On Tuesday, headlines were filled with reports out of Ukraine – which not a single journalist decided to fact-check – that a prominent anti-Putin journalist, Arkady Babachenko, had been murdered in his Kiev apartment – “shot three times in the back” after returning from the store to buy bread. Immediately, the echo chamber shouted “Putin’s fault.”
The next day, Babachenko showed up at a press conference, where Ukrainian authorities announced that his death had been an elaborate hoax in order to catch his actual assassins who they claim are now in custody.
The scheme has received massive international backlash – from horrified journalist colleagues who were kept in the dark and thought, to the Kremlin, to the International Federation of Journalists (IFJ) – which called the staging “intolerable” and “inadmissible.”
“Arkady Babchenko is still alive and can continue to do his job as a critical journalist: the news is excellent,” said Philippe Leruth, the president of the IFJ, in a statement.
“But in falsely spreading the news of his murder, the Ukrainian authorities have gravely harmed the credibility of information, and their brief communication risks being seen as a propaganda operation,”
Journalist Sophie Pinkham writes in The Guardian of the rollercoaster of emotions she and fellow journalists experienced over their friend, concerns they had for their own safety, and the damage this has done to Ukraine’s credibility.
No one had trouble believing this story; no one even considered questioning it.
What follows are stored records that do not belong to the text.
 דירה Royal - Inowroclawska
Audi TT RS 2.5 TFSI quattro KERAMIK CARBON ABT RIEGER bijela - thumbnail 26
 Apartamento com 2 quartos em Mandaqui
It was gruesomely familiar, similar to the many horrifying stories we’d already heard from Russia, Ukraine, and other countries where journalists are killed for their reporting.
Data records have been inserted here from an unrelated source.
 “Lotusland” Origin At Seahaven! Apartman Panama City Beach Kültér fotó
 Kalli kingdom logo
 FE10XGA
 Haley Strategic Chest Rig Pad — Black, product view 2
Would they be killed, too? We agreed that it was unlikely that the Ukrainian government would find Babchenko’s killer. If anyone would discover the truth, it would be journalists. And by investigating the killing, they might very well be risking their own lives.
For me, for my visiting friend, and for many others, relief soon gave way to doubts about the ethics and the wisdom of this “special operation”. On Facebook, the Ukrainian MP Anton Herashchenko tried to explain why it had been necessary to disseminate an artist’s sketch of a supposed killer “with a Caucasian appearance”.
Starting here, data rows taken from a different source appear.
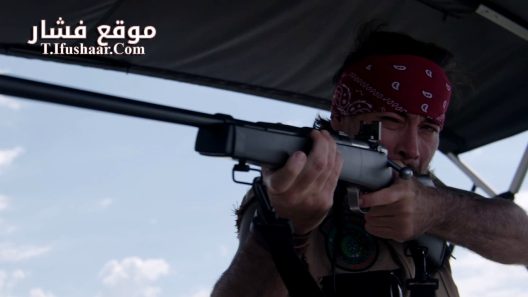 فيلم Bull Shark 2 2024 مترجم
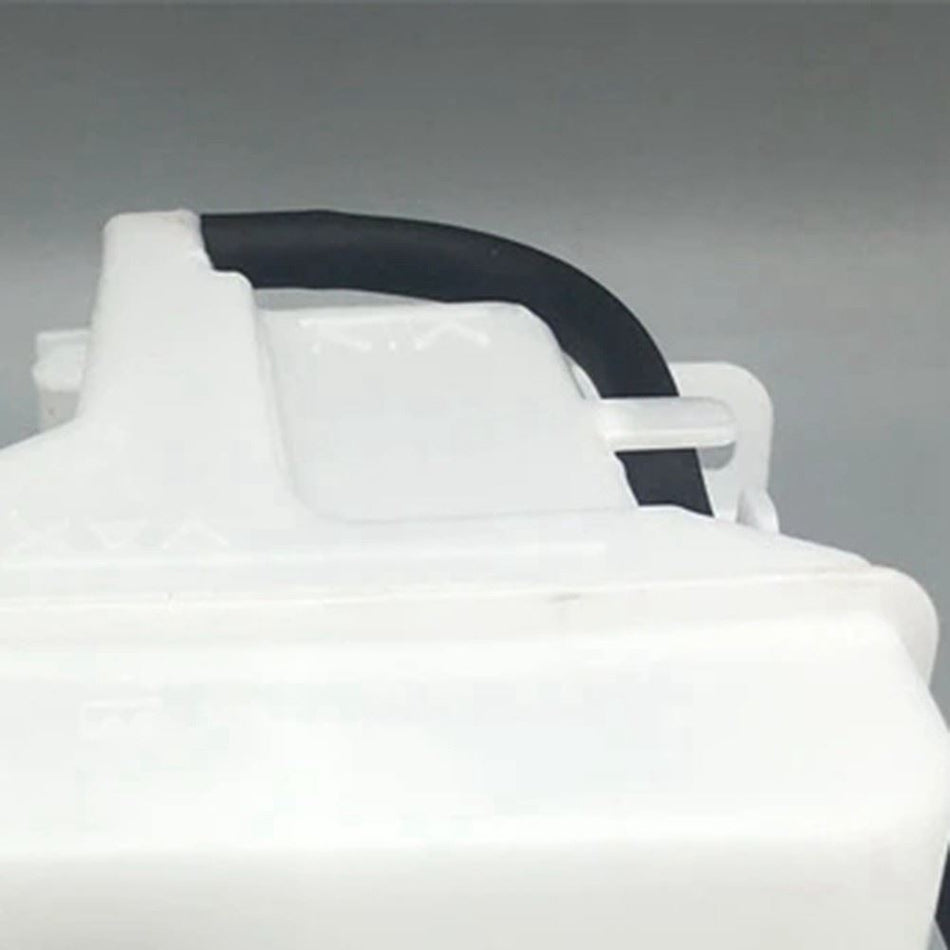 Coolant Reservoir Bottle - for Nissan - OEM 21711-4U000 | Eurowagens - View 2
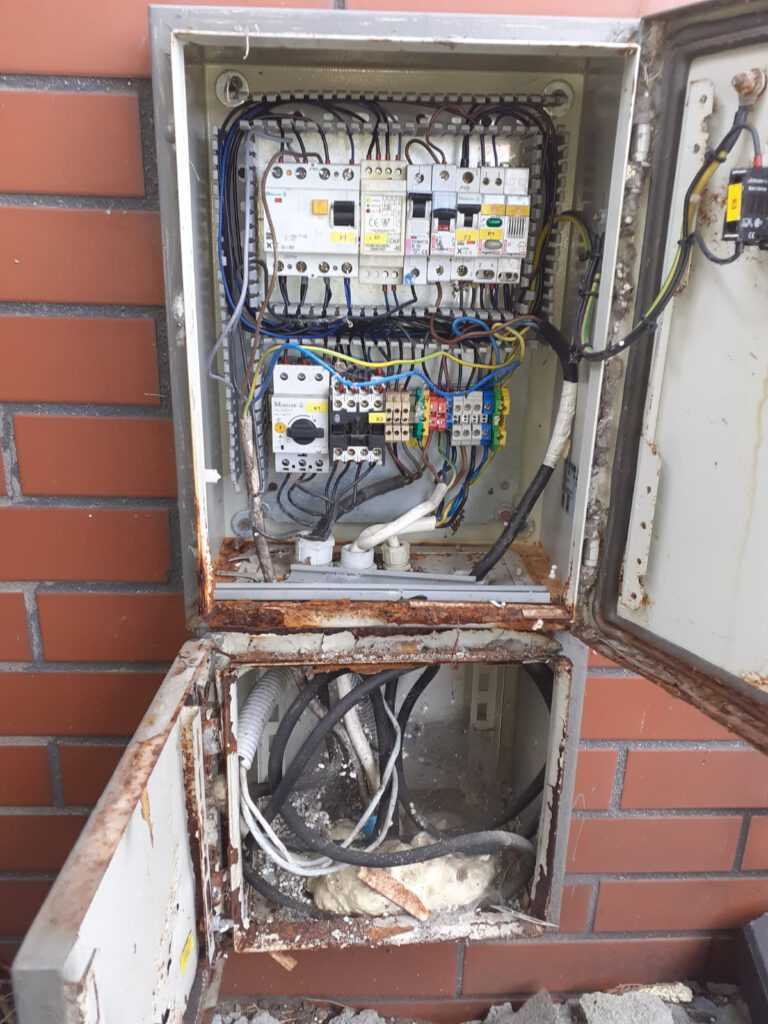 Automatyka Leszno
Ukraine has an increasingly serious problem of ultranationalist attacks on ethnic and other minorities, as well as journalists.)
In its endless one-upmanship against Russia, Ukraine has once again cut off its nose to spite its face, severely undermining its own credibility and that of journalists. This stunt also seems a gratuitous blow to what is left of public sincerity, compassion, and trust. Next time a journalist is killed in Ukraine (and, unfortunately, it seems certain that there will be a next time), even the least cynical observers, the kinds of people who wept all night over Babchenko’s supposed death, will likely wonder whether they should believe in a tragic death until they’ve inspected the corpse themselves. -The Guardian
According to Tuesday’s media “reports”, the journalist, Arkady Babachenko, was shot three times in the back in his apartment building in the Ukrainian capital of Kiev last Tuesday after going out to buy bread – his wife finding him in a pool of blood after she came out of the bathroom following the “murder.” He was pronounced dead in an ambulance on the way to the hospital.